193 Salem St, Boston, MA 02113
Updated 2019

Old North Church is so deeply embedded in the American imagination for a certain midnight ride that few can confirm its flavor as Episcopalian or its proper name as Christ Church. Completed in 1723, it remains the oldest church building in Boston. The legendary “one if by land, two if by sea” steeple, funded by shipping merchants as a navigational aid, fell victim to hurricanes in 1804 and 1954. Its peal of eight bells cast in 1744—the first in British North America—survives. The gallery clock has been clearly visible to the preacher since 1726; the four statuettes were captured from a French ship in 1746.

Closed during the Revolution, at the heart of a neighborhood transformed by waves of immigrants during the 19th century, the church was extensively revised in 1912 but retains much of its original appearance. Remarkable for its airy lightness, the result of daringly high galleries and generous expanses of glass containing the largest panes technically possible at the time, the church’s elegant proportions compare favorably with the London designs of Christopher Wren.

Old North’s first organ was supplied in 1736 by a Newport, Rhode Island clockmaker, William Claggett. There is a sense this organ was imported, probably also second-hand. Thomas Johnston, among Boston’s earliest organ builders, was charged at the outset with the instrument’s care. He become sufficiently frustrated to build a replacement, in 1752, of two manuals and perhaps 12 stops. In 1801 William Goodrich releathered the bellows, adding bass pedal pipes and replacing all the others save Johnston’s Stopt Diapason. In 1821 Goodrich then built an entirely new instrument within Johnston’s case. This survived until a comprehensive rebuild by George Hutchings in 1884.

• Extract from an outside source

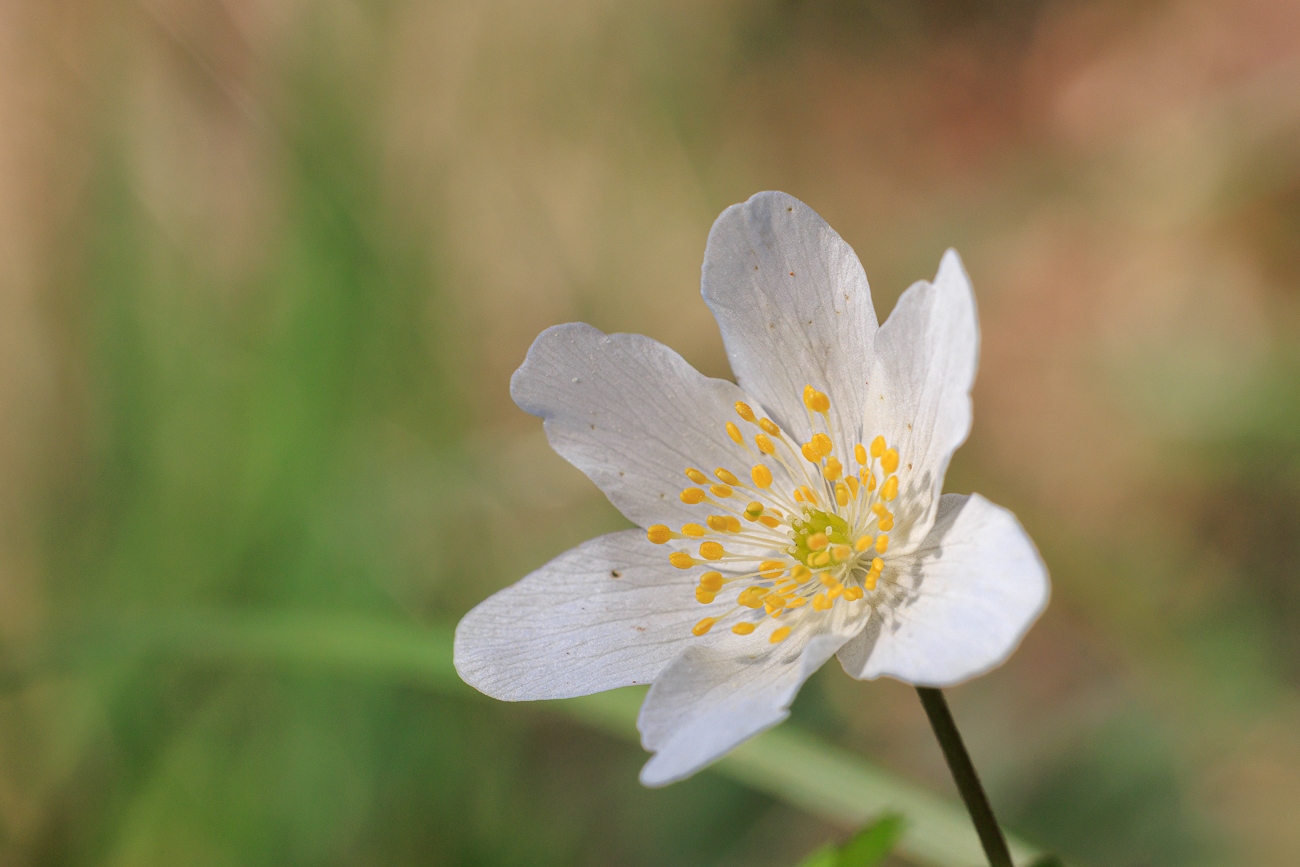 Buschwindr&ouml;schen [Anemone nemorosa]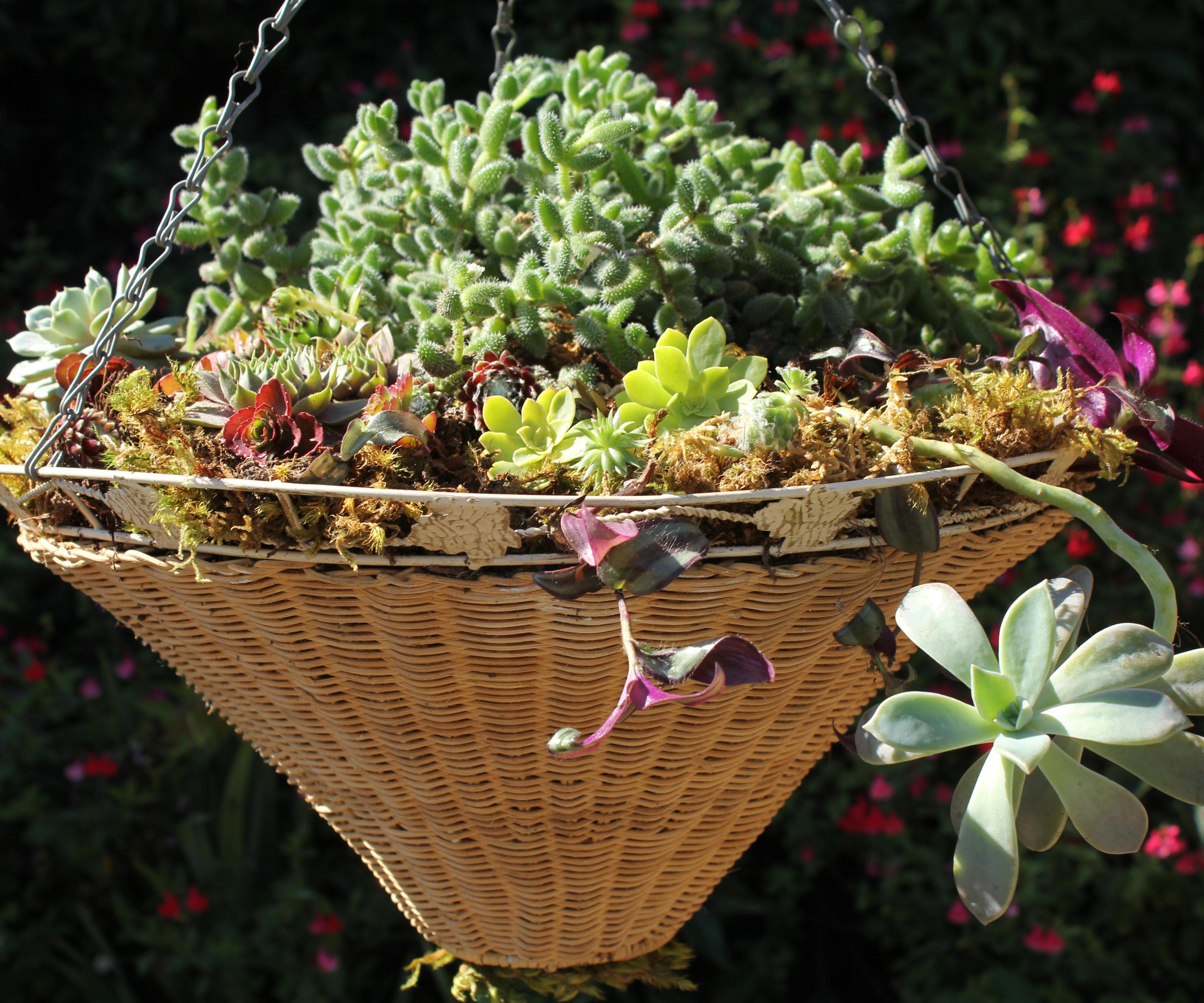 Lampshade to Planter Conversion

The 1958 Schlicker organ came at the behest of organist William MacGowan. Edward Gammons served as consultant, the stoplist developed by Hermann Schlicker and E. Power Biggs in consultation with Gammons. Biggs played the dedication. (MacGowan would move on to prominent positions at All Saints, Pasadena and Bethesda-by-the-Sea, Palm Beach, procuring a Schlicker organ for each in turn.) The Old North Schlicker, mechanical-action using the old chests, arrived the same year as Biggs’ Flentrop at Harvard’s Busch Reisinger Museum. While each came from a different universe than the city’s prevailing Aeolian-Skinners or the Holtkamps at the Massachusetts Institute of Technology, eventually it was the Flentrop that drove the tastes and trends to come — the spiritual forebear of a tracker revival that, in turn, produced Old North’s current organ. A. David Moore’s considerable two-manual tracker of 1991 is not strict revival organ, but rather a contemporary interpretation of Colonial organ building. Respecting the organ’s original proportions (and lack of space), Op. 20’s Pedal basses are visible to either side of the handsomely renovated casework.